Conversation Episode 84 B2B · ABM · Demand

Marketing's job is to create the environment sales needs to feel confident.

Interviewed by John Horsley

Published

Portrait of Jen Brown, Director, Engaging Interactions

Jen Brown is a B2B marketing leader with more than two decades across tech and SaaS, including GoTo, Sprinklr, Telium, and Webtrends. She now operates independently as a strategist and adviser, with current work focused on agentic AI and customer engagement. She sits on a customer-experience advisory board and brings deep practical experience in ABM and account-based experience (ABX), event programmes, and marketing-sales alignment.
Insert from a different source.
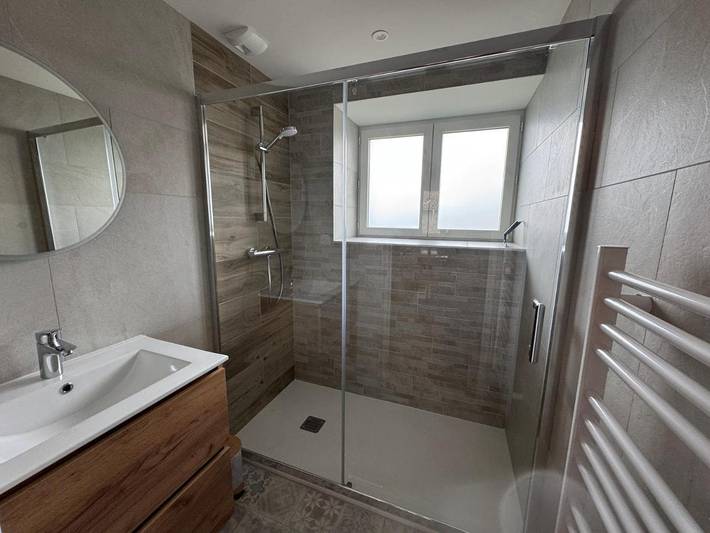 Location de vacances pour 5 personnes, avec vue et jardin, adapté aux familles à Nozières - 4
In this conversation she sets out the horizon planning principle that protects pipeline for the future; the 95-5 rule applied to B2B; the create the environment that gives sales confidence mission of B2B marketing; the audience-driven, not channel-driven discipline; the channel marketing is seductive warning; the account-based experience, not account-based marketing reframing; the crawl-walk-run-sprint two-year ABX cycle; the contact-to-account ratio metric she introduces to client organisations; the case for the MQL retiring (a quality marketing engagement signal instead); the events as crescendos, not islands principle; the put prospects in the room with customers discipline; the EQ over IQ career principle; and the closing advice: don't be afraid to be kind.

Horizon planning: the work that protects customers of the future

On the priority.

Marketers want to drive impact, grow the business, and be known as the growth-drivers. In this busy world they get caught up in the minutiae: trying to deliver revenue contribution this quarter and next. They're not allowed to focus on the horizon. The second you stop a marketer from focusing on the horizon, you're preventing your organisation from gaining your customers in the future.

By horizon I mean brand awareness and being a trusted adviser 12 to 18 months before any deal happens. In B2B SaaS, large deals take time. Rip and replace is no longer common; land and expand is. Any amazing sales professional sees a large account as ten accounts within. Our job as marketers: create the right environment for them to be confident in selling.

On the 95-5 rule.

A vicious circle rather than a virtuous one if marketing is asked to move the needle in the quarter. You can't, as a marketer. Create the environment that enables you to focus on the business of the future, that enables sales to close on the business of today.

Channel marketing is seductive, and that's the trap

On the trap.

If we make marketers focus on the here and now, we sacrifice pipeline generation in the future. Marketers have to create the environment that builds confidence in both buyer and seller simultaneously.

Making the change is hard because channel marketing is seductive. Easy to decide where to advertise. A plethora of ways to get the brand out. We lean into the science of marketing and don't balance with the art. So much easier to go to the nuts and bolts of the where and the when. We then skip the why and the who.

On the mindset order.

The order: mindset changing from the top (CEO and CMO down), then metrics, then team structures, then messaging. What usually happens: messaging changes first, but the organisation isn't behind it. Sales still uses different words in pitches. Customer experience isn't aligned. Advocacy isn't set up. Marketers are still chasing campaigns for a single product.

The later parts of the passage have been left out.